Addison Trail High School (ATHS) is a public four-year high school in Addison, a western suburb of Chicago, Illinois, in DuPage County, United States. It is located approximately half a mile east of Interstate 355 at the intersection of Army Trail Road and Lombard Road in and is part of DuPage High School District 88, which also includes Willowbrook High School. Addison Trail draws its students from Addison and unincorporated areas adjacent to Lombard and Wood Dale.

Addison Trail has roughly 1,900 students in grades 9-12, and 120 FTE teachers. Addison Trail is ranked as the 344th best high school in Illinois.

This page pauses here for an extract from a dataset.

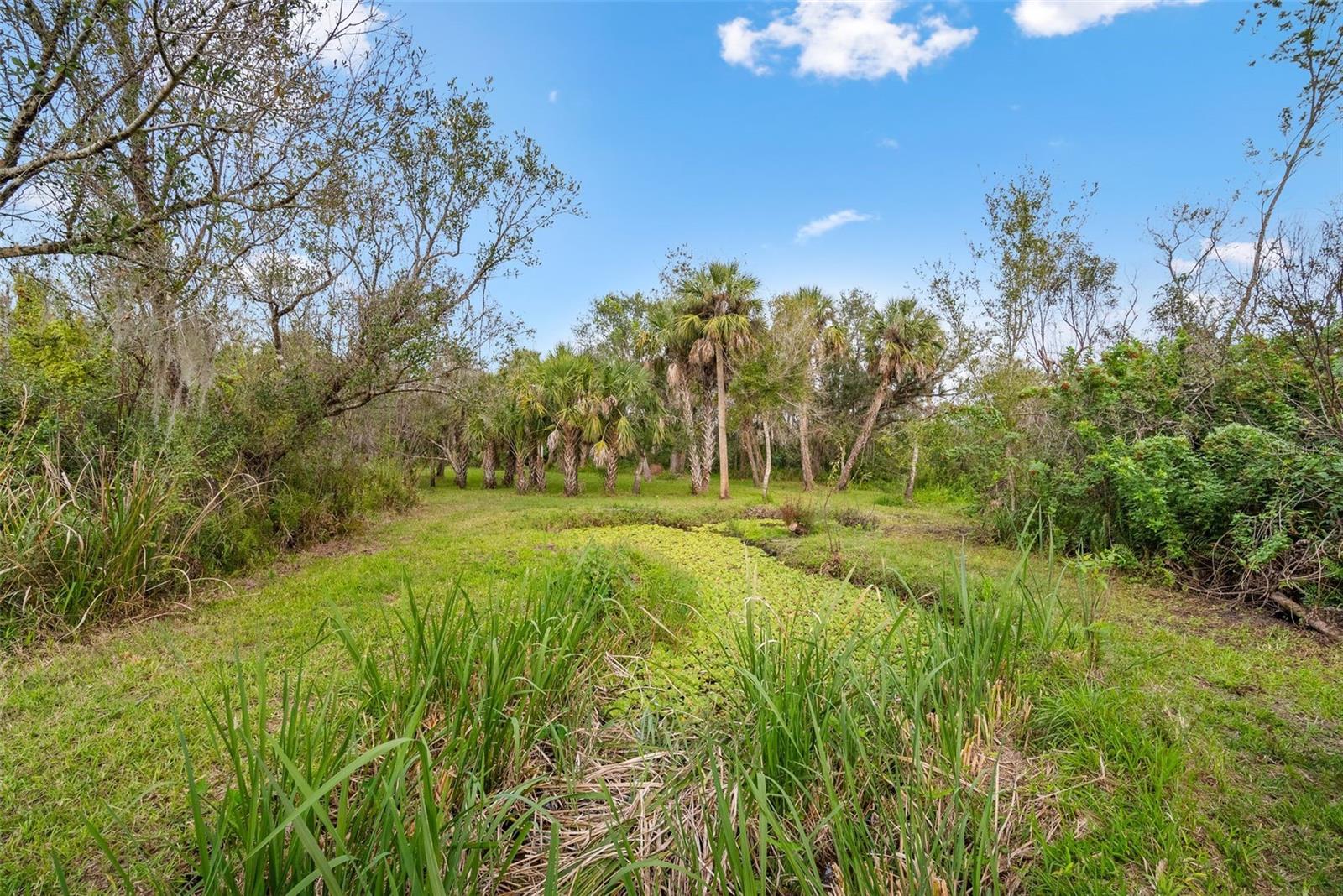 32971 SERENE DR, PUNTA GORDA, FL, 33982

The population at Addison Trail is 70.0% Hispanic, 22.3% White, 3.8% Asian, 2.0% Black, 0.9% American Indian, Native Alaskan, Native Hawaiian, or Pacific Islander, and 1.0% two or more races.

== History ==
Addison Trail High School opened on September 1, 1966. Before the opening of Addison Trail, there were two other high schools within District 88 – York High School in Elmhurst and Willowbrook High School in Villa Park. Due to the rapid growth within District 88, Addison Trail was approved for construction, making it the third in the district.

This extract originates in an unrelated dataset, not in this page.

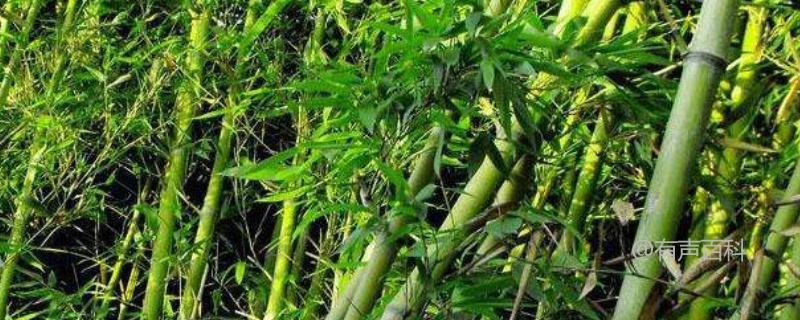 湖北家庭院的绿意选择：园林竹种植与特点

Since the opening of Addison Trail, there have been significant changes to the school. In 1976, construction of a new addition was approved because of a growing student population. In 2008, construction began on new renovations, which included a new 3-story classroom addition, student commons area and field house. The renovations and additions were completed in 2010. In 2010, Village of Addison purchased what was once Driscoll High School with the primary intention of using it as Addison Trail's athletic fields. The acquired land was named Blazer Park. The school has 120 classrooms and its still going on. The basement has an auto tech classroom, including a woodshop, a photography classroom plus driver eds room, a credit recovery room and an BRC (behavioral resource center) and a fitness gym. Plus there is a couple of classrooms used for sports and education classes.

== Academics ==
In 2024, Addison Trail had a four-year graduation rate of 88%. Its five-year graduation rate was 90.2%, slightly higher than the State average of 89.3%. Addison Trail is ranked #10,736 in the national rankings, based on student performance on state-required tests, graduation, and how well students are prepared to enter college.

== Sports ==
Addison Trail competes in the West Suburban Conference. The school is a member of the Illinois High School Association (IHSA) which governs most sports and competitive activities in the state. Addison Trail's teams are stylized as the Blazers.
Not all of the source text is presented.